In the accessor methods below, we'll for now just ignore the first
argument--that part to the left of the arrow on method invocation, which is
either a class name or an object reference.
package Some_Class;
sub CData1 {
shift; # XXX: ignore calling class/object
$Some_Class::CData1 = shift if @_;
return $Some_Class::CData1;
}
sub CData2 {
shift; # XXX: ignore calling class/object
$Some_Class::CData2 = shift if @_;
return $Some_Class::CData2;
}
This technique is highly legible and should be completely straightforward
to even the novice Perl programmer. By fully qualifying the package
variables, they stand out clearly when reading the code. Unfortunately, if
you misspell one of these, you've introduced an error that's hard to catch.

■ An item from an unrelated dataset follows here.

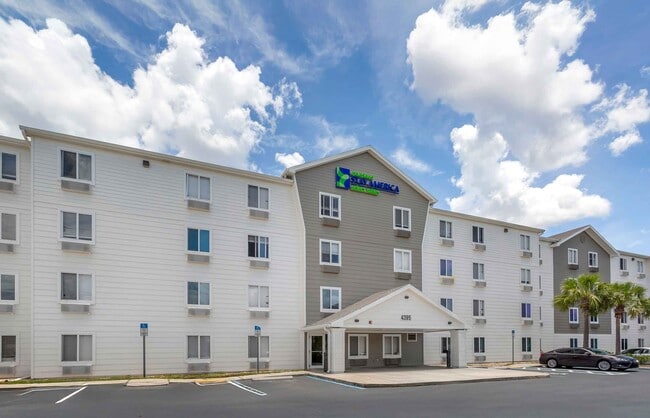 Building Photo - Furnished Studio-Fort Myers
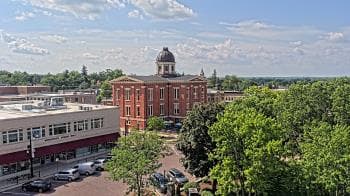 Weather camera view of City of Woodstock.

It's also somewhat disconcerting to see the class name itself hard-coded in
so many places.
Both these problems can be easily fixed. Just add the "use strict" pragma,
then pre-declare your package variables. (The "our" operator will be new
in 5.6, and will work for package globals just like "my" works for scoped
lexicals.)
package Some_Class;
use strict;
our($CData1, $CData2); # our() is new to perl5.6
sub CData1 {
shift; # XXX: ignore calling class/object
$CData1 = shift if @_;
return $CData1;
}
sub CData2 {
shift; # XXX: ignore calling class/object
$CData2 = shift if @_;
return $CData2;
}
As with any other global variable, some programmers prefer to start their
package variables with capital letters. This helps clarity somewhat, but
by no longer fully qualifying the package variables, their significance can
be lost when reading the code. You can fix this easily enough by choosing
better names than were used here.
Putting All Your Eggs in One Basket
Just as the mindless enumeration of accessor methods for instance
attributes grows tedious after the first few (see perltoot), so too does
the repetition begin to grate when listing out accessor methods for class
data. Repetition runs counter to the primary virtue of a programmer:
Laziness, here manifesting as that innate urge every programmer feels to
factor out duplicate code whenever possible.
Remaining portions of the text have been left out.